Unfortunately toward the end of his stint, Keating was involved in side-to-side contact with the eventual race-winning Ferrari that resulted in a damaged right-hand door. The crew quickly repaired the hinge system and swapped out the door on the C8.R’s second pit stop as Keating handed over to Varrone.
Adding insult to injury, though, Keating was judged by the race stewards to be responsible for the contact. The Corvette received a 30-second stop-and-go penalty, which Varrone served shortly after he got in the car at the two-and-a-half-hour mark.

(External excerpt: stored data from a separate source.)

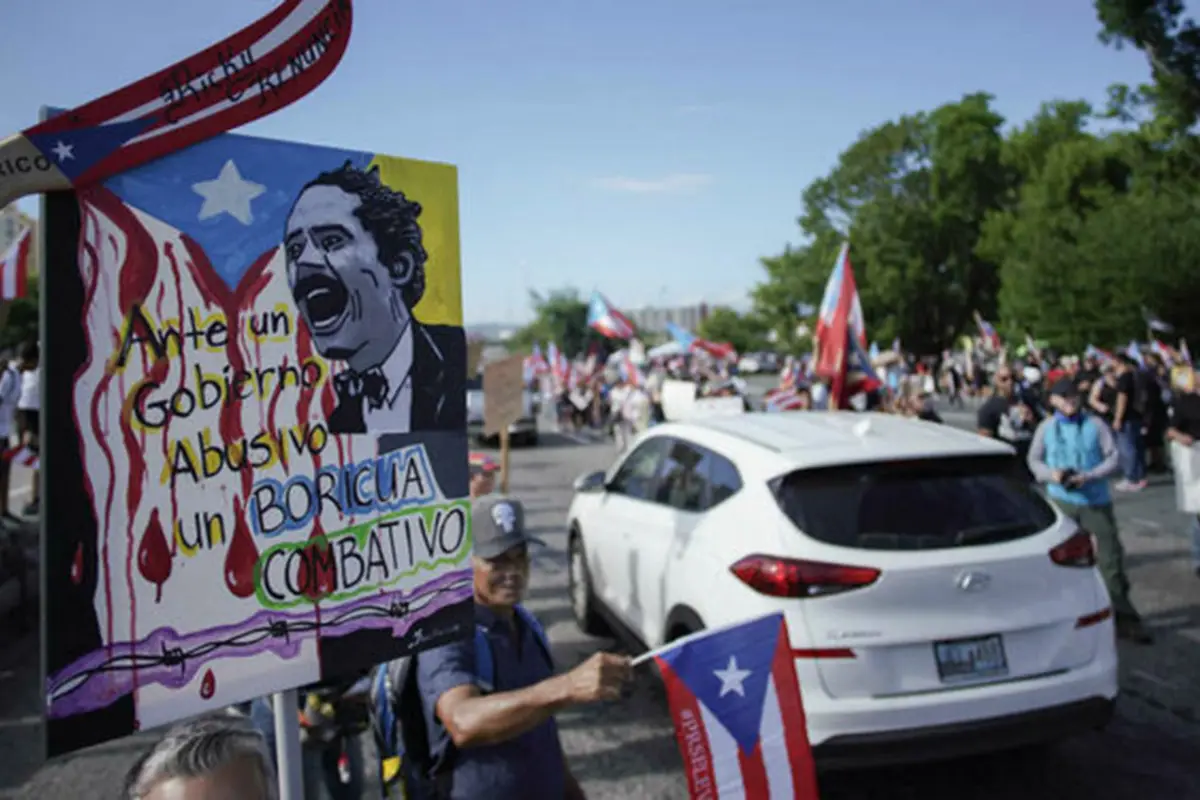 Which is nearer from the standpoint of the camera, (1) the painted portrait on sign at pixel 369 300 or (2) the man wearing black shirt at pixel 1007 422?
(1) the painted portrait on sign at pixel 369 300

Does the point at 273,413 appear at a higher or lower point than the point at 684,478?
higher

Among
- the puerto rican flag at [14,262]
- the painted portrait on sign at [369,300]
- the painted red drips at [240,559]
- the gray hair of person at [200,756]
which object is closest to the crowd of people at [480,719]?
the gray hair of person at [200,756]

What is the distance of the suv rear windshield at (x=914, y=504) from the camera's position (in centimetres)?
389

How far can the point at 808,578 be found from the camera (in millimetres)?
3740

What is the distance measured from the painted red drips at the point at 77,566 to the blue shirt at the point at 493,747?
2.67 ft

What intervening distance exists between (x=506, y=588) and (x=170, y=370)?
1152 mm

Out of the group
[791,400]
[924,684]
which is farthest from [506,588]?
[791,400]

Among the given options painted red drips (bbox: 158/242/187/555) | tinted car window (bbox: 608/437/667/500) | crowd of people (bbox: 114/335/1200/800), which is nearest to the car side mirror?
tinted car window (bbox: 608/437/667/500)

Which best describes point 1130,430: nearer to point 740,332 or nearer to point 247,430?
point 247,430

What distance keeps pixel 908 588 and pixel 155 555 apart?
2909 mm

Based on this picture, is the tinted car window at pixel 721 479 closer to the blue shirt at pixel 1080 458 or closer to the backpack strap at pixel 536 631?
the backpack strap at pixel 536 631

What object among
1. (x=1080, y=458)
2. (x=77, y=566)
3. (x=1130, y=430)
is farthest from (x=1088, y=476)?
(x=1130, y=430)

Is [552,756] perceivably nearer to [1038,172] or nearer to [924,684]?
[924,684]

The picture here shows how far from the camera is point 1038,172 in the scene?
1768 inches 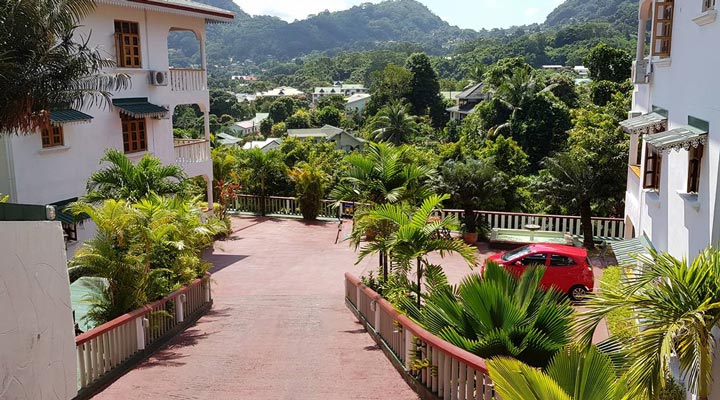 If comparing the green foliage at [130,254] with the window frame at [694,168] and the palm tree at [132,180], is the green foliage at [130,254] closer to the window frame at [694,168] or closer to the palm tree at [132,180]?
the palm tree at [132,180]

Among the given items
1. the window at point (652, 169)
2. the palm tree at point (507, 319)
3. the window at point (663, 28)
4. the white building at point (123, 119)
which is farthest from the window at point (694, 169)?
the white building at point (123, 119)

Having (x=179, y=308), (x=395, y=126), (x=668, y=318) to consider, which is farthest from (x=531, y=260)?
(x=395, y=126)

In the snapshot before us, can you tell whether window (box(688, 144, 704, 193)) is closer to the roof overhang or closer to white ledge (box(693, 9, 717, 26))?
white ledge (box(693, 9, 717, 26))

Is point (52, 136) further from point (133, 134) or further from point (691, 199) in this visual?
point (691, 199)

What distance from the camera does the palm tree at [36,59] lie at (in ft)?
27.3

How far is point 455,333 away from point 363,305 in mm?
4762

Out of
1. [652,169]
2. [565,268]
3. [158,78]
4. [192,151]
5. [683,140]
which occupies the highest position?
[158,78]

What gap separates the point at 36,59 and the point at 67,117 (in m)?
5.95

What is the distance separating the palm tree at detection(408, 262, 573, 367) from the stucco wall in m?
4.10

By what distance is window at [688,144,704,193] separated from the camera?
7.70m

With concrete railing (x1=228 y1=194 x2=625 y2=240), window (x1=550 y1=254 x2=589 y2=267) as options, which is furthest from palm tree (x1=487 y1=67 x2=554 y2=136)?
window (x1=550 y1=254 x2=589 y2=267)

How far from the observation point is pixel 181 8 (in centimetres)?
1761

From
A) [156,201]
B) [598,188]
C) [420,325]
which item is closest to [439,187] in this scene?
[598,188]

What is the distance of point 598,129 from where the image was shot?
1773 cm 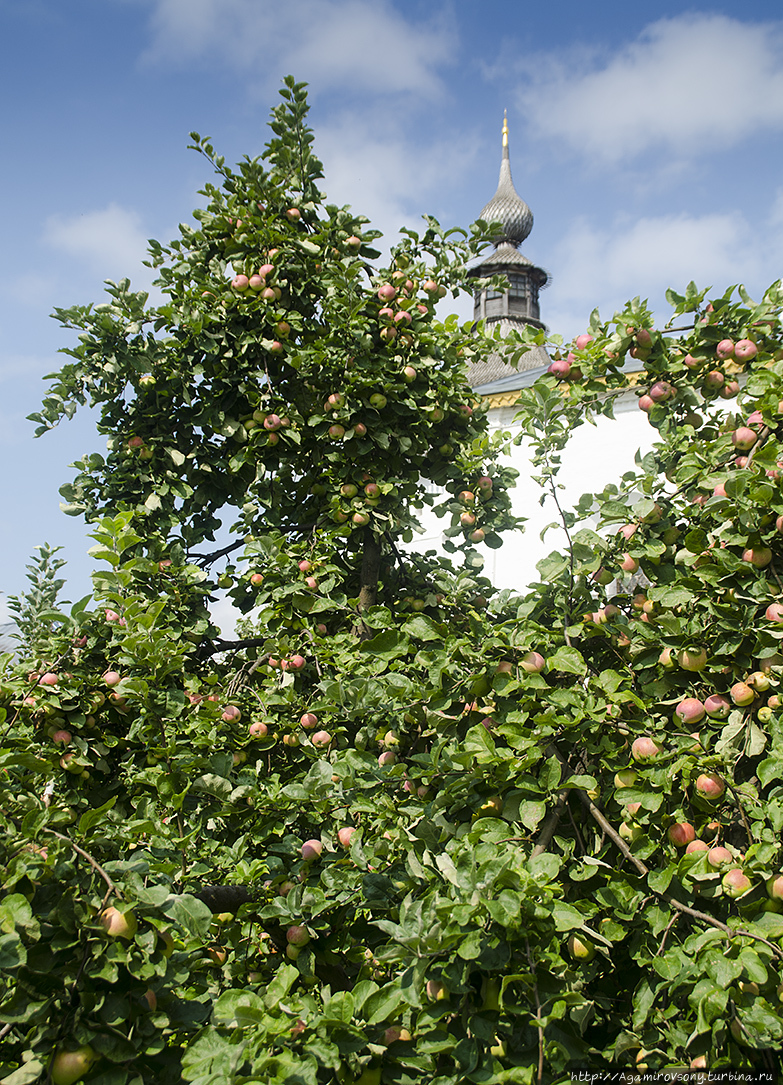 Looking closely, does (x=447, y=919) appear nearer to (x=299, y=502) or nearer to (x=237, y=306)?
(x=299, y=502)

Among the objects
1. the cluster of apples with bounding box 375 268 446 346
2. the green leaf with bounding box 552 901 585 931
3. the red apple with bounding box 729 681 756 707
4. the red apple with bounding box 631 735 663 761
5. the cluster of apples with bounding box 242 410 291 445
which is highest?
the cluster of apples with bounding box 375 268 446 346

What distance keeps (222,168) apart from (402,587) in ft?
6.31

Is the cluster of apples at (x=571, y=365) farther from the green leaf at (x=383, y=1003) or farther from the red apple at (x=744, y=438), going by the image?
the green leaf at (x=383, y=1003)

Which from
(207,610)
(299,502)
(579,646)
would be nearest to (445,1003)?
(579,646)

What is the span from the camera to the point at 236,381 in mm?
3215

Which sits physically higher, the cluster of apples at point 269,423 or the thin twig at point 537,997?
the cluster of apples at point 269,423

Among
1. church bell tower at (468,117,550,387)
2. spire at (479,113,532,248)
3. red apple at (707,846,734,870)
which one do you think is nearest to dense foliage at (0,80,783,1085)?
red apple at (707,846,734,870)

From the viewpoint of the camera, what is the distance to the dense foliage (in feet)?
4.54

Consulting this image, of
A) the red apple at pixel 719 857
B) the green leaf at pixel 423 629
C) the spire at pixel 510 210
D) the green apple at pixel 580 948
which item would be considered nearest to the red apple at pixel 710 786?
the red apple at pixel 719 857

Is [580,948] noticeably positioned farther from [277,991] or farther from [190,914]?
[190,914]

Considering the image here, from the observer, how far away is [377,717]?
218cm

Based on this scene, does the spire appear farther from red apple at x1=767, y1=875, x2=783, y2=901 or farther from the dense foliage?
red apple at x1=767, y1=875, x2=783, y2=901

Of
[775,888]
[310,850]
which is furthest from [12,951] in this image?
[775,888]

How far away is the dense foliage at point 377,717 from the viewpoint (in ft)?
4.54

The never-give-up spirit of Corvette Racing was evident once again as Varrone’s pace and fuel savings meant he was able to cycle back to the lead inside the final 90 minutes. However, the Corvette was assessed a 10-second pitlane penalty for contact with another GTE car toward the end of his stint.
That left Catsburg to drive the final 65 minutes with aims of moving from third to second, but a late-race full-course yellow period hurt his chances and slowed his progress. He crossed the line third in class, but a 10-second, post-race time penalty to the No. 57 Ferrari elevated the Corvette to second.
Corvette Racing closes its season in the FIA World Endurance Championship with the Eight Hours of Bahrain on Saturday, November 4.
NICKY CATSBURG, NO. 33 MOBIL 1/SiriusXM CHEVROLET CORVETTE C8.R – SECOND IN GTE AM: “It’s nice to come out of here with a podium. But it was clear that we should have won the race. Without the penalties, we by far had the best strategy. Ben and Nico did an amazing job fuel-saving. We had, I would say, two questionable penalties and without those we would have won by a country mile. It’s a shame but those are part of it. At least we have won the championship already, so we can’t complain too much. Those races are part of it as well. And it’s nice for the Ferrari boys to win as well. It was a good weekend in terms of execution but a bit of bad luck. But it doesn’t matter. It was a really nice time that we had here at Fuji, and I’m looking forward to coming back.”
BEN KEATING, NO. 33 MOBIL 1/SiriusXM CHEVROLET CORVETTE C8.R – SECOND IN GTE AM: “I think everything went according to plan. We came into the race hoping to do only four stops but it was five because of the penalty. But I still think we did our job the way we exactly planned to do it. I did 2.5 hours in the car; us and the 86 were the only two cars to go on that strategy, and I think it was the right strategy.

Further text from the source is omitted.